For this exercise, write out the full listing that follows exactly and skip its pictures.

**Provided material:**
━━━━━━

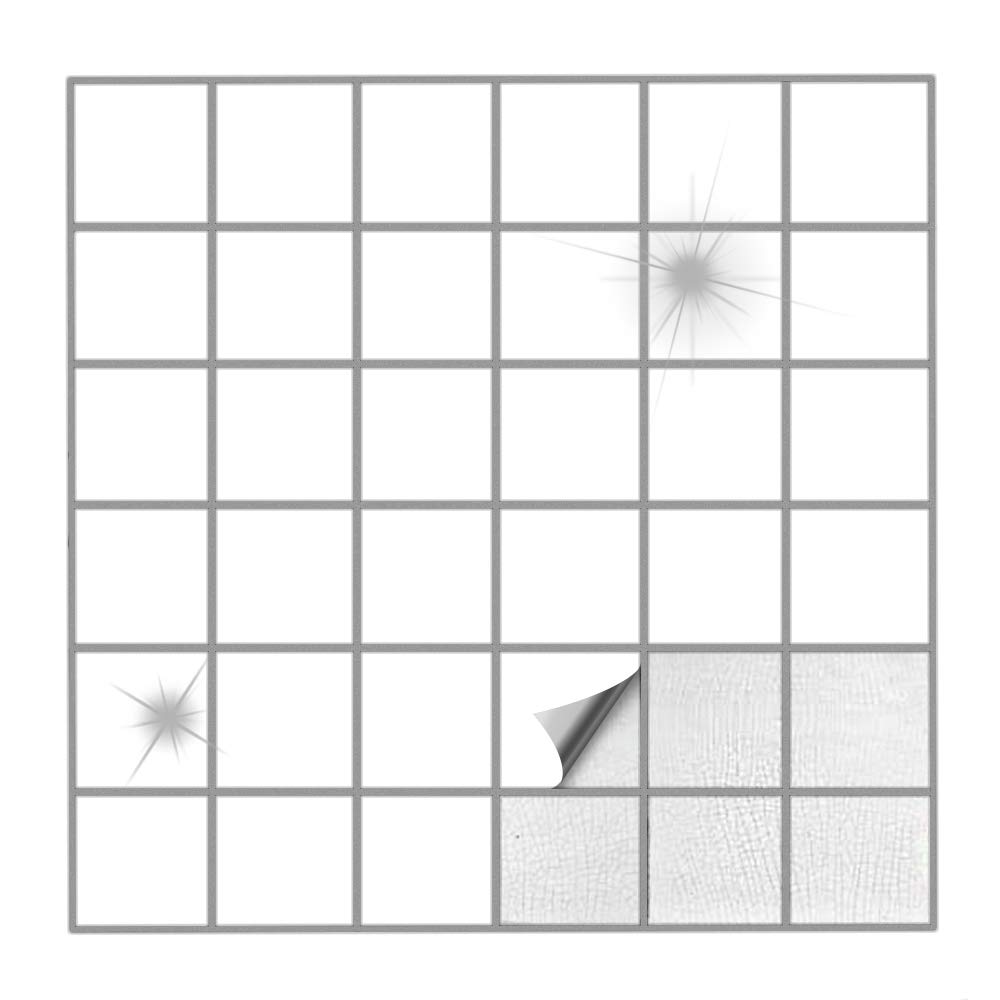 Kiwistar Tile Stickers White Glossy 2,2 x 2,2 cm - 50 Pieces - Adhesive Tiles - Tile Pattern - Sticker Tiles - Glue Over The Wall Tiles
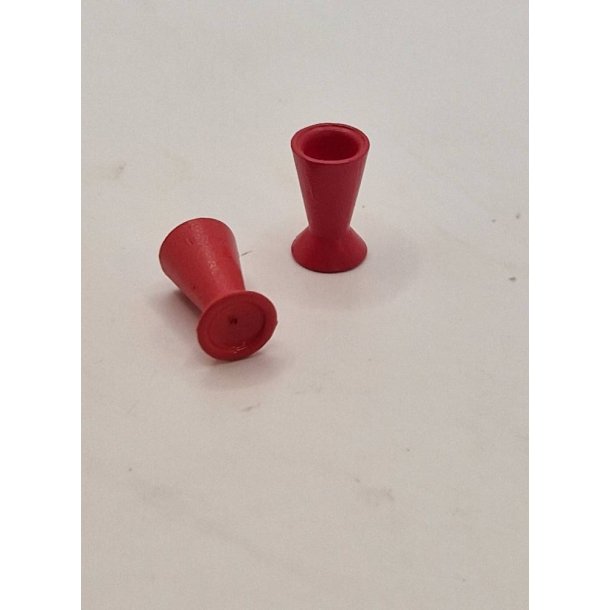 2 stk rde glas i plastik (vintage)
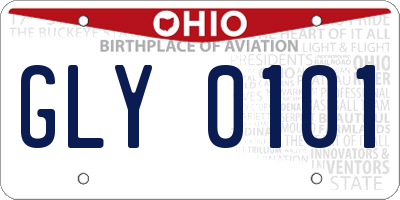 OH license plate GLY0101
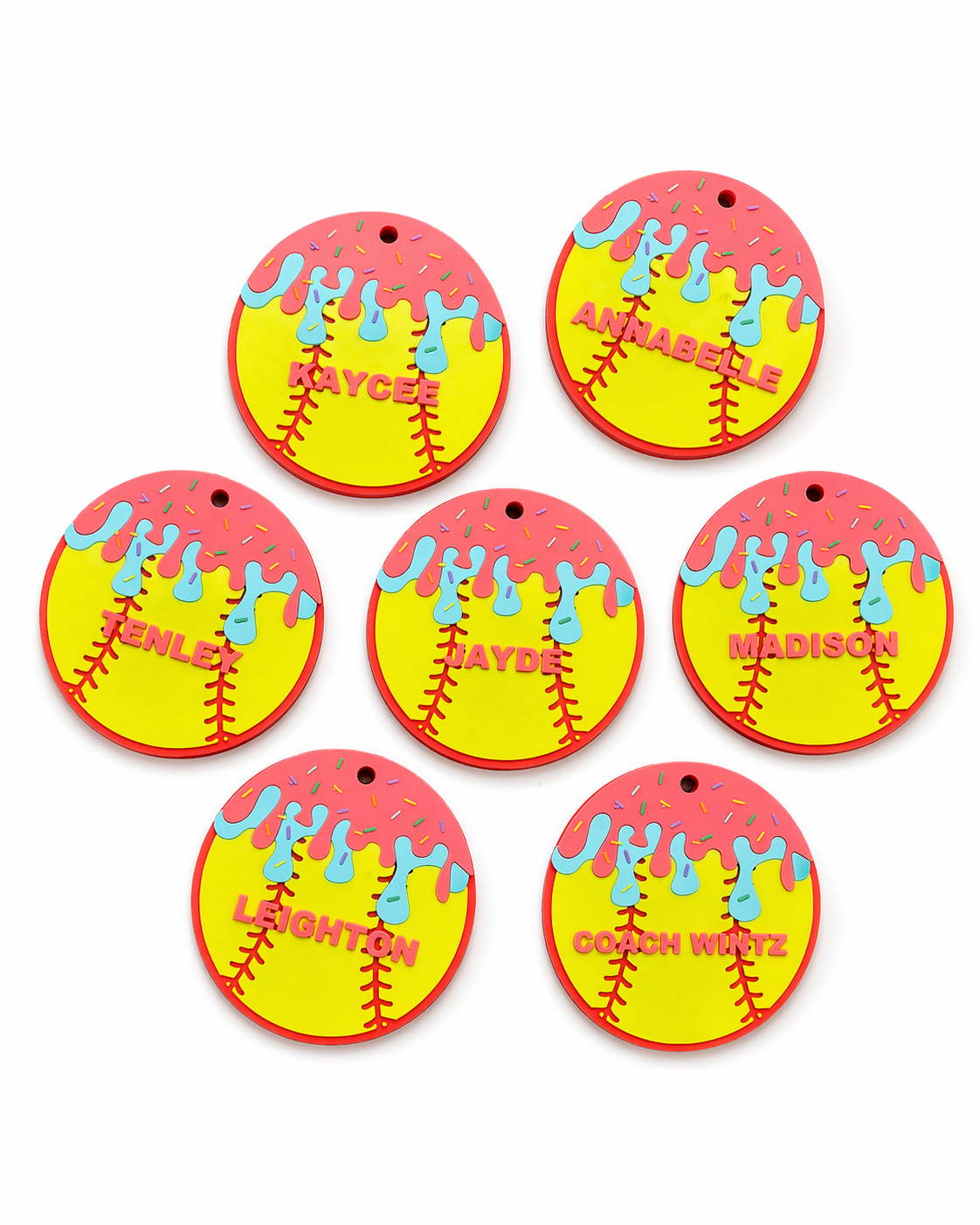 Group of personalized softball bag tags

━━━━━━

**Task output:**
 Kiwistar Tile Stickers White Glossy 2,2 x 2,2 cm - 50 Pieces - Adhesive Tiles - Tile Pattern - Sticker Tiles - Glue Over The Wall Tiles
 2 stk rde glas i plastik (vintage)
 OH license plate GLY0101
 Group of personalized softball bag tags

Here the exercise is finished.